The opening scene of Post Grad gives us a unique spin on an intro to a film, Ryden Malby (Alexis Bledel of TV’s “Gilmore Girls” and Robert Rodriguez’s Sin City) is handling her social media mess with a video blog post that explains it is her graduation day from University and she is ready to embrace the next phase of her life. The screen is filled with email pop-ups with Ryden conducting the video, responding to messages, and it is actually pretty cleverly put together. Too bad the rest of the film doesn’t live up to that level of creativity…at all.
The film descends into cliché at nearly every turn, wasting a nice performance from a long missed Michael Keaton (in Mr. Mom mode here) and squandering any opportunity it had at continuing the creative momentum with which the film was briefly moving. Zach Gilford (TV’s “Friday Night Lights”) plays Ryden’s best friend, a singer/law student who has long had a crush on her, and the movie attempts to balance Ryden’s career ambitions with her love life the rest of the way.

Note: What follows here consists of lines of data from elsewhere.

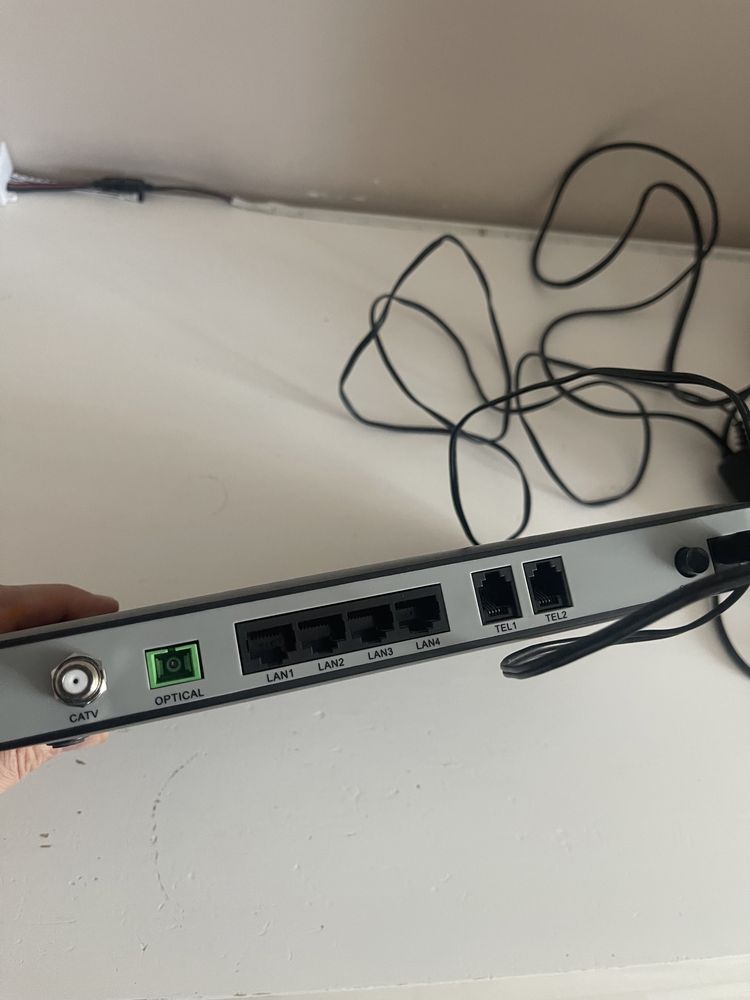 Huawei EchoLife HG8242 оптический сетевой терминал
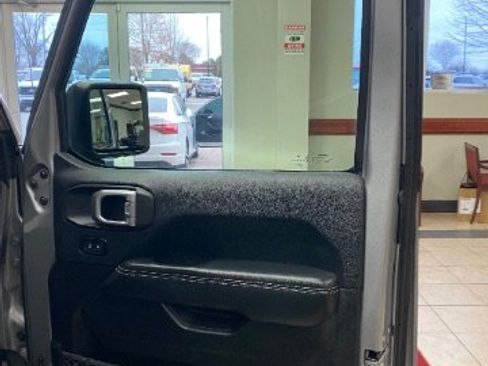 Used 2018 Jeep Wrangler Unlimited Sahara image 16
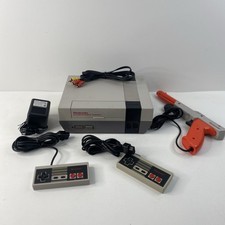 Original Nintendo Entertainment System NES 001 Console Bundle Tested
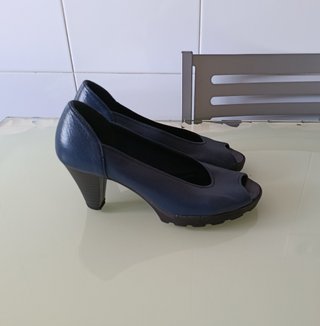 Zapatos de Salón "Peep Toe" - Estilo y Comodidad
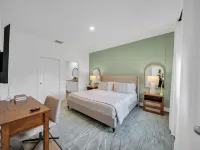 Emerald Entry Retreat Hotels in Hendry County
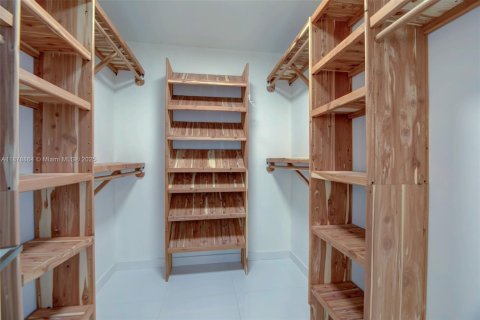 Condominio en venta en Hallandale Beach, Florida, 3 dormitorios, 133.78 m2 № 2035026 - foto 19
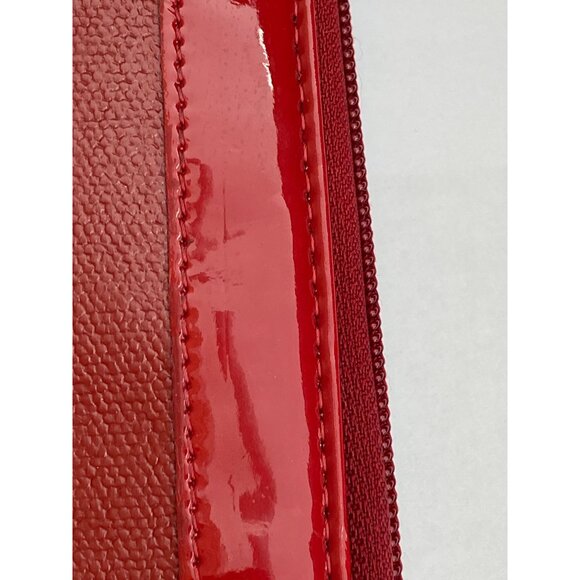 Steve Madden Red Faux Leather Glossy Zippered Tablet Case With Gold Logo Plate - Picture 3 of 14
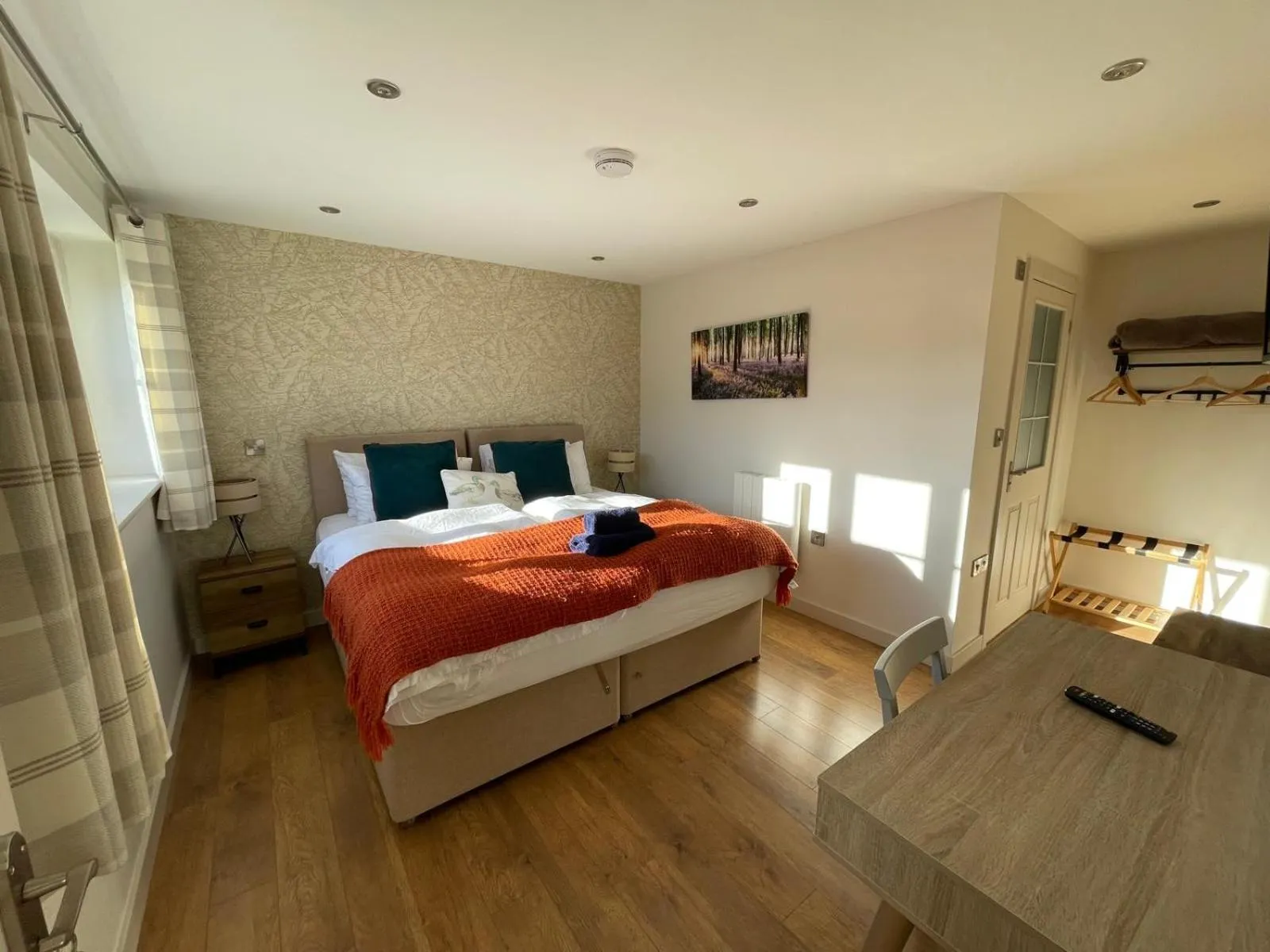 Bedroom, Bed in The Grange Silverstone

We see Ryden move back in with her parents after trying to land a loft apartment, she struggles with finding work and deciding what is most important to her. She will be taught life lessons along the way. I mentioned cliché right? What seemed like it might be a more ambitious piece of work, touching on adult themes of how challenging it can be to land a job, apropos in these difficult economic times, and how one needs to make risky choices on their own in order to stretch themselves, something Keaton as Ryden’s Dad encourages, there is no raising the bar. Instead we get a rather pointless and completely trivial boxcar race that is meant to be Ryden’s final awakening, showing her there is more to life than the pursuit of her dreams.
Jane Lynch (Role Models) J.K. Simmons (Juno) and Carol Burnett as Ryden’s grandmother, effectively interject whatever level of humor they can into their roles. The best line in the film comes from neighbor and love interest David (Rodrigo Santoro), when he advises Ryden that, “only half of life’s importance is the act of doing something, the other half, the more important half, is who you do that something with.” He meant that her career isn’t everything – to nobody’s surprise – she got the message.
Vicky Jenson, who has worked extensively in the animation field, with co-directing credits for both Shrek and Shark Tale, didn’t take advantage of those experiences for this live-action pic. Apart from the aforementioned opening sequence, she doesn’t give us much of interest to look at, particularly struggling with her one “action” scene during the boxcar race. She tried to rely on humor and the leads to carry the day. But the script and lack of chemistry from the romantic leads failed her. Similar to this year’s The Great Buck Howard, this glaring problem really hurts its prospects at being at least a decent movie. Hopefully Jenson can learn from this misstep should she try her hand with real actors again.
My leg bounced impatiently often during the film, not a good sign. It is completely standard fare with nary a hint of originality. It’s almost surprising that the same studio (Fox Searchlight) made (500) Days of Summer and this movie. It’s too bad for Bledel, who is cute enough and actually holds the screen, but ultimately comes across as awkward in a few scenes due to stilted dialogue and a touch requiring more than she was able to overcome alone. The movie is about taking chances in your post-graduate life, a lesson that might be easier said than done for many, but the package that the message is delivered in, is one that I would just assume have left in school so it can learn to become something more unique. Post Grad needs a Doctorate in filmmaking before it can become what it intended to.